Assignment
All of the data should be given again word for word, though the images are to be left out.

Supplied data
════════════════

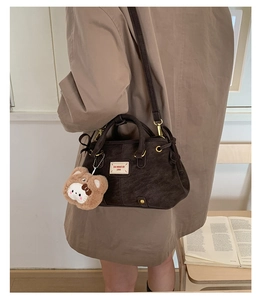 Detail of vintage brown textured handbag with bear charm and adjustable shoulder strap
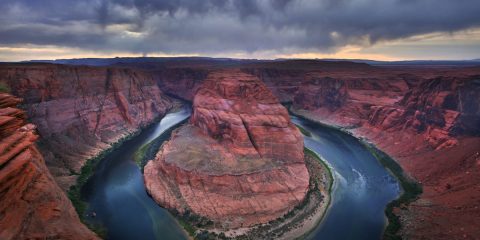 red rock horseshoe shapped canyon with a river of water and trees nerby with cloudy skies
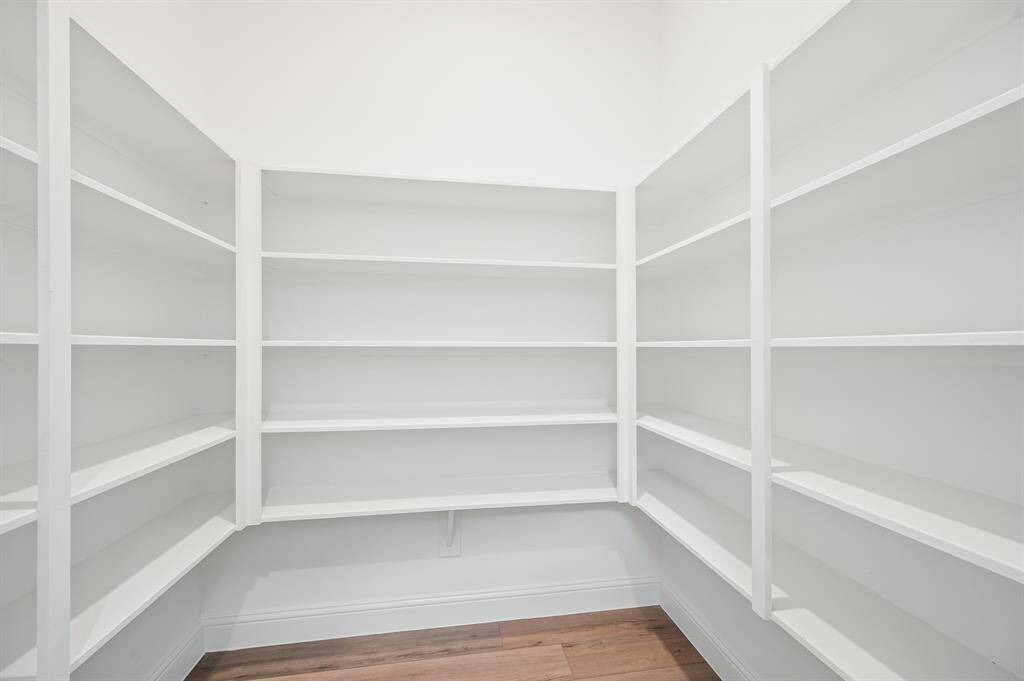 This photo shows a spacious walk-in pantry with white shelving on three walls, offering ample storage space. The light walls and wood style flooring create a bright and inviting atmosphere.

════════════════

Result of this exercise
 Detail of vintage brown textured handbag with bear charm and adjustable shoulder strap
 red rock horseshoe shapped canyon with a river of water and trees nerby with cloudy skies
 This photo shows a spacious walk-in pantry with white shelving on three walls, offering ample storage space. The light walls and wood style flooring create a bright and inviting atmosphere.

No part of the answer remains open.